Speaking with investors yesterday, New Age CEO Brent Willis said the company’s long term plan to simultaneously grow multiple small beverage brands was “no longer strategic” and that the company is “not going to invest any more in them.” The pivot comes roughly nine months after New Age acquired marketing and sales agency Brands Within Reach, a decision that Willis indicated was not enough to offset losses from the core portfolio but did give it U.S. distribution rights to larger international brands such as Nestea, Evian, Volvic, and illy, which it will retain.

“We expected more execution from 7-Eleven and Walmart and new distribution and [Bucha and Marley] did not deliver and we expected more [accelerated growth] from the Brands Within Reach acquisition and they did not deliver either,” Willis said. “So that’s why we are taking an impairment charge on the U.S. retail brands business.”

Olivier Sonnois, president for North America at New Age, told BevNET that Aspen Pure and Coco Libre are closer to exit status and the Bucha, Marley and Xing are currently under review.

Willis added during the call’s Q&A portion that New Age will likely seek to sell off its owned brand portfolio, noting that “they’ve got distribution and they’ve got sales” and suggested that they could generate success if placed in the “right hands.”

New Age CFO Greg Gould said the divestment may result in a drop in overall revenue, but emphasized that the company will still focus heavily on the retail market for Nestea, Evian, Volvic and illy.
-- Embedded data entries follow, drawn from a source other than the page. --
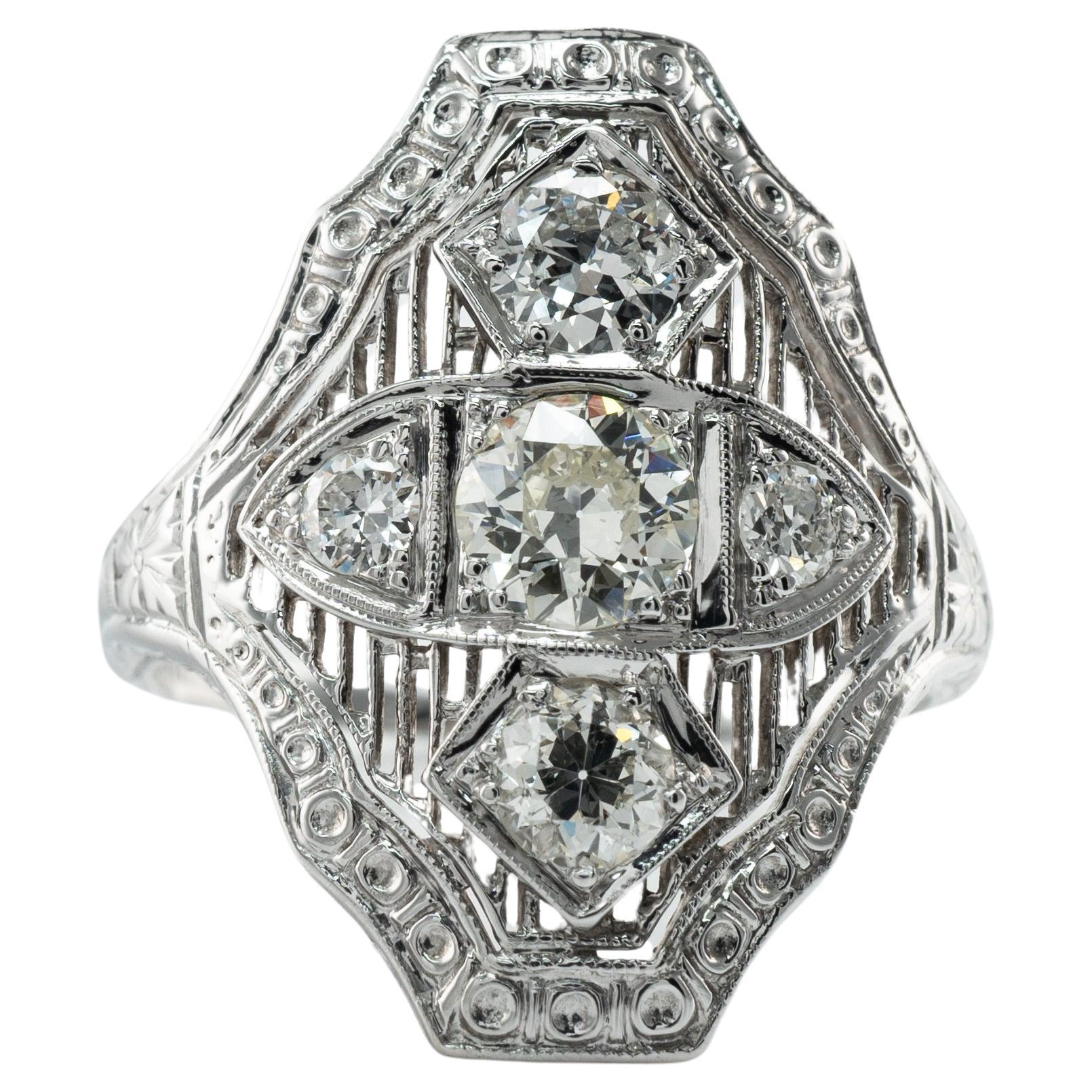 Edwardian Old European Diamond Ring 1.00 cttw 18K White Gold For Sale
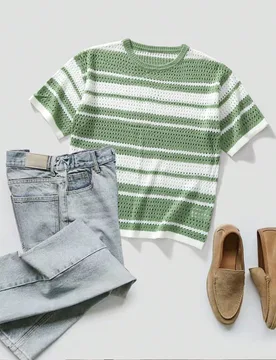 Camiseta casual de punto de cuello redondo de manga corta con rayas y calado para hombres de talla grande - Shein - FashionsVida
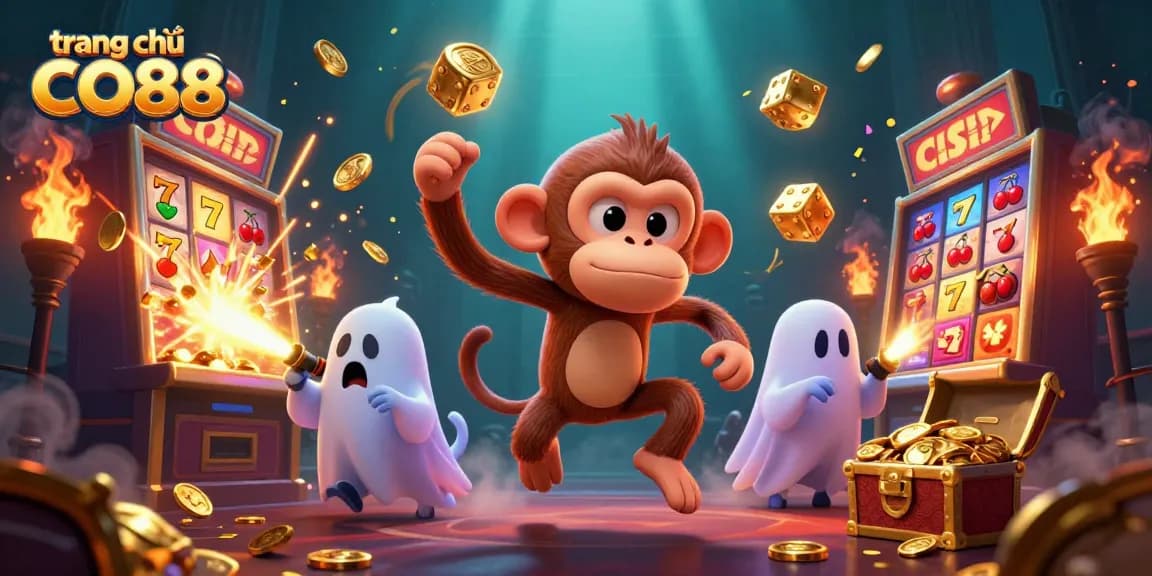 Experience excitement at trang chủ CO88 with a playful poltergeist monkey and curious puppy in a haunted casino scene.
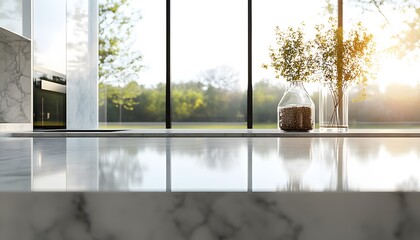 Modern kitchen countertop with floral arrangements and window view
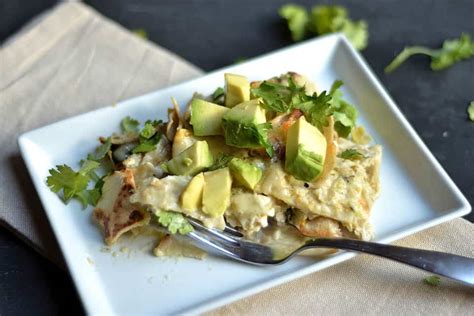 Creamy Salsa Verde Chicken Enchilada Casserole Wholesomelicious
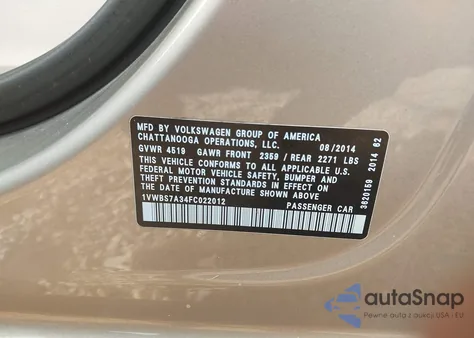 2015 Volkswagen Passat 1.8T Se from USA, damaged, VIN 1VWBS7A34FC022012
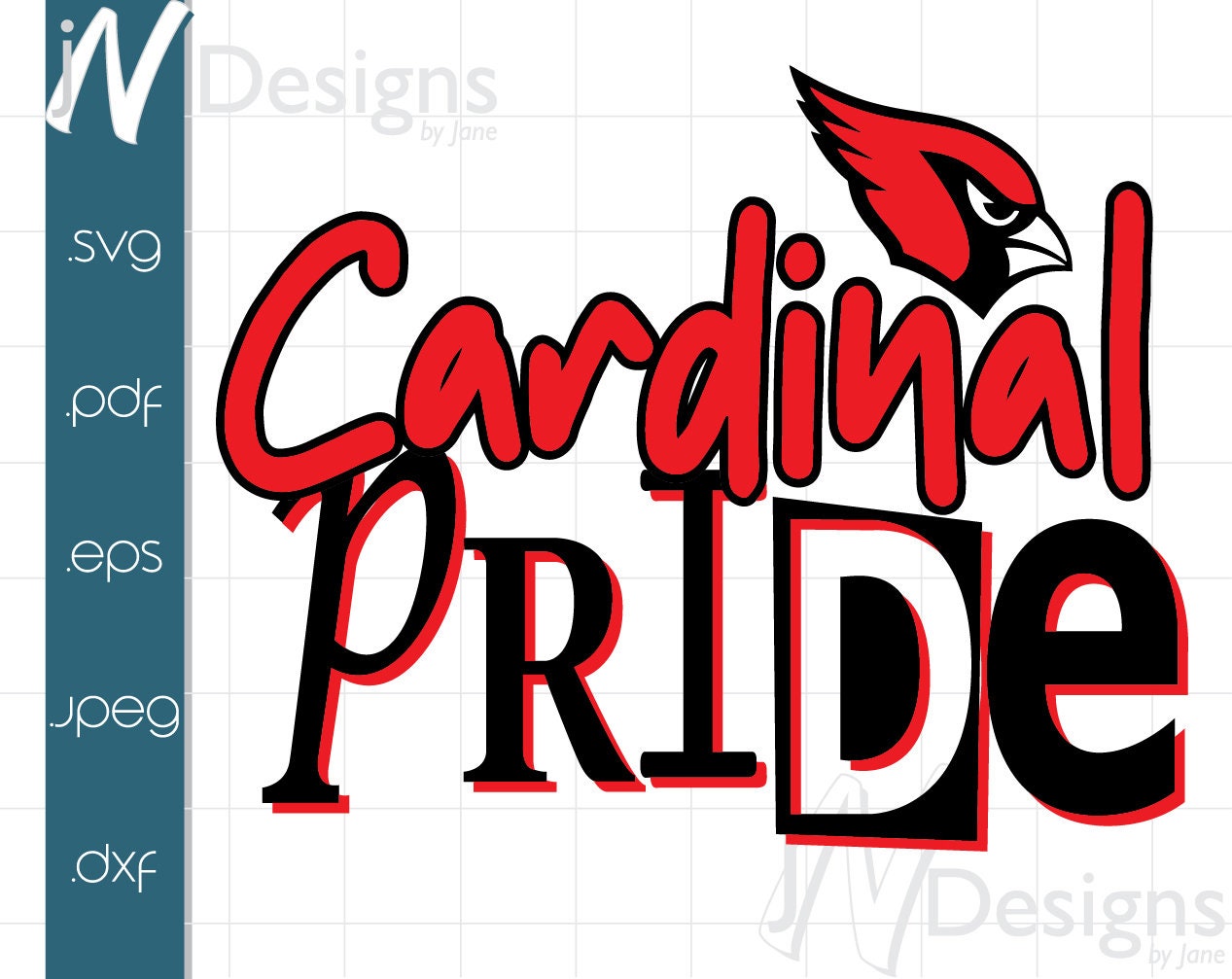 Paquete SVG Mascota Cardinal Pride – Archivos digitales Vector, PDF, EPS, DXF y JPEG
“We still see that retail brands can be a key part of our business … moving forward,” Gould said. “The problem is that in the retail market, you need to have brands that are very well known, and brands that are very large. And then we really see that we need to put them across both retail as well as e-tail, and then even going out and getting halo brands and putting them through our direct-to-consumer model. So then by doing that, altogether, you really do get a omni-channel market and that’s where we really see the growth coming.”

The shift follows New Age’s December 2018 acquisition of multi-level marketing wellness company Morinda, now rebranded as Nomi by New Age, which markets a variety of products including juices, topicals and makeup. Noni, however, also faced a 40% revenue decline in China last year due to the Chinese government’s crackdown on MLM companies, however sales grew 15% in Latin America. To support the Noni business, New Age has also hired former Amway consultant David Vanderveen as COO.

New Age grew revenue in 2019 to $253.7 million, up 386% from $52.2 million in 2018, however the growth largely stems from the Morinda acquisition. Gross profit was $152.7 million, up 60.2% from $9.3 million in net sales the year before. Net loss was $89.8 million, compared to net loss of $12.1 million in 2018, which Gould noted was due to a $44.9 million impairment charge.

Total assets for the company were $251.1 million compared to $158.9 million in liabilities. As of December 31, the company had working capital of $33.5 million.

At the closing of the market on Tuesday, New Age’s stock price was up 8.18% to $1.19 per share.

Update 3/17/2020: A previous version of this article said New Age will divest its entire core portfolio. The portfolio is currently up for review and divestment for each brand is an option. Two brands (Aspen Pure and Coco Libre) will likely be sold but a final decision on the others has not yet been made.